● AIM OF THE TASK
Return all of the data exactly, omitting any images.

● INPUT DATA
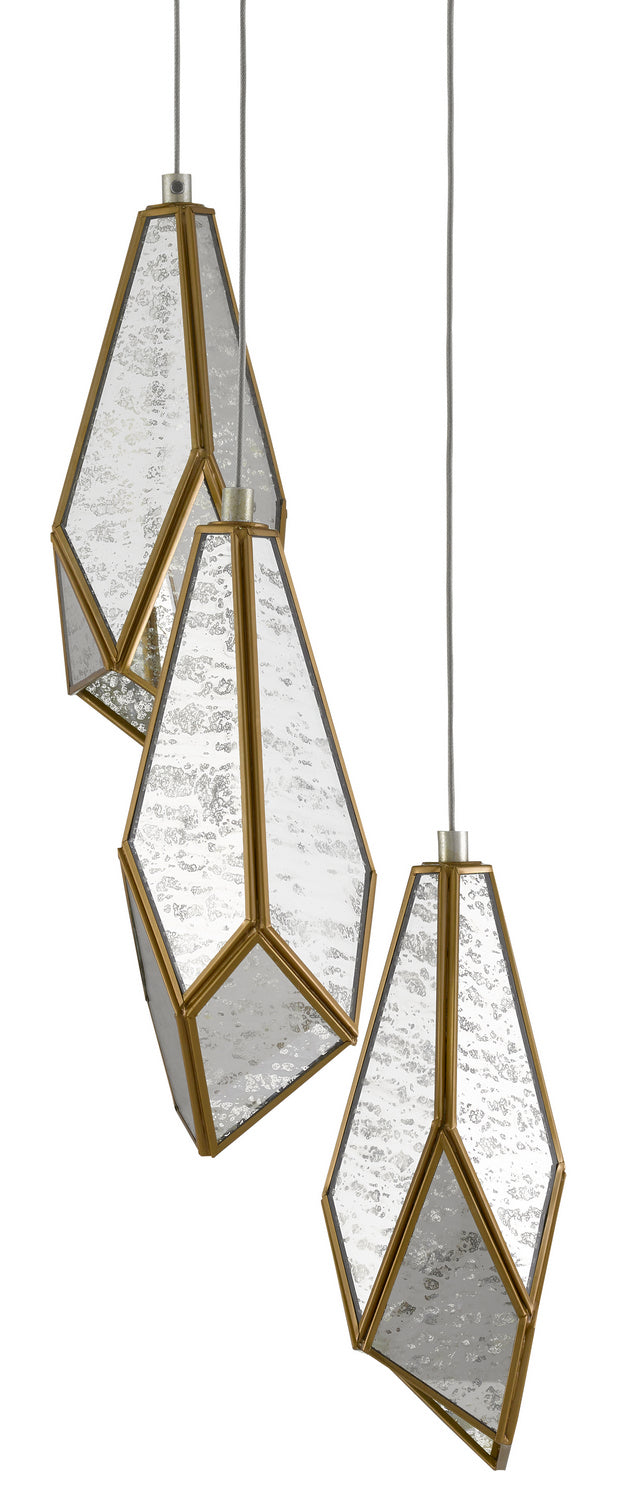 Currey and Company 9000-0703 Three Light Pendant, Raj Mirror/Antique Brass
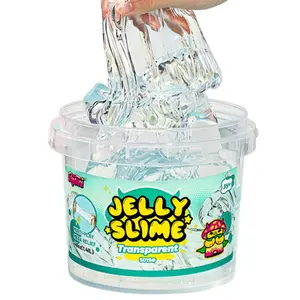 Slymu Jelly Slime Transparent - Clear, Unscented, Sensory Fidget Toys, 3.1 lbs, Stress Relief, ASMR, Crisp Texture, Bucket, Party Favors for Kids, Birthday Gifts for Girls and Boys, Goodie Bag Stuffers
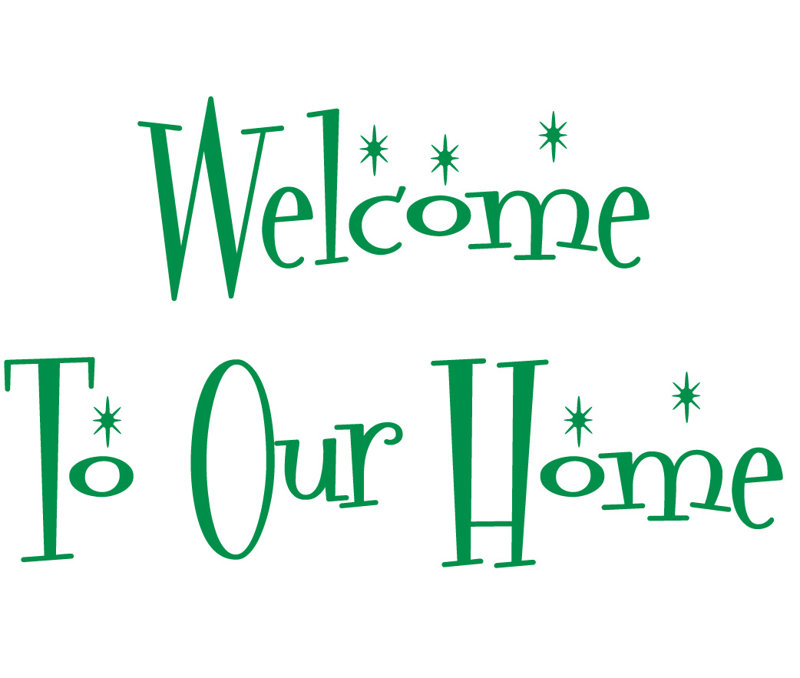 Décalcomanie murale "welcome to the home", H 22 po x l 36 po x P 0,01 po, Vert clair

● TASK RESPONSE
 Currey and Company 9000-0703 Three Light Pendant, Raj Mirror/Antique Brass
 Slymu Jelly Slime Transparent - Clear, Unscented, Sensory Fidget Toys, 3.1 lbs, Stress Relief, ASMR, Crisp Texture, Bucket, Party Favors for Kids, Birthday Gifts for Girls and Boys, Goodie Bag Stuffers
 Décalcomanie murale "welcome to the home", H 22 po x l 36 po x P 0,01 po, Vert clair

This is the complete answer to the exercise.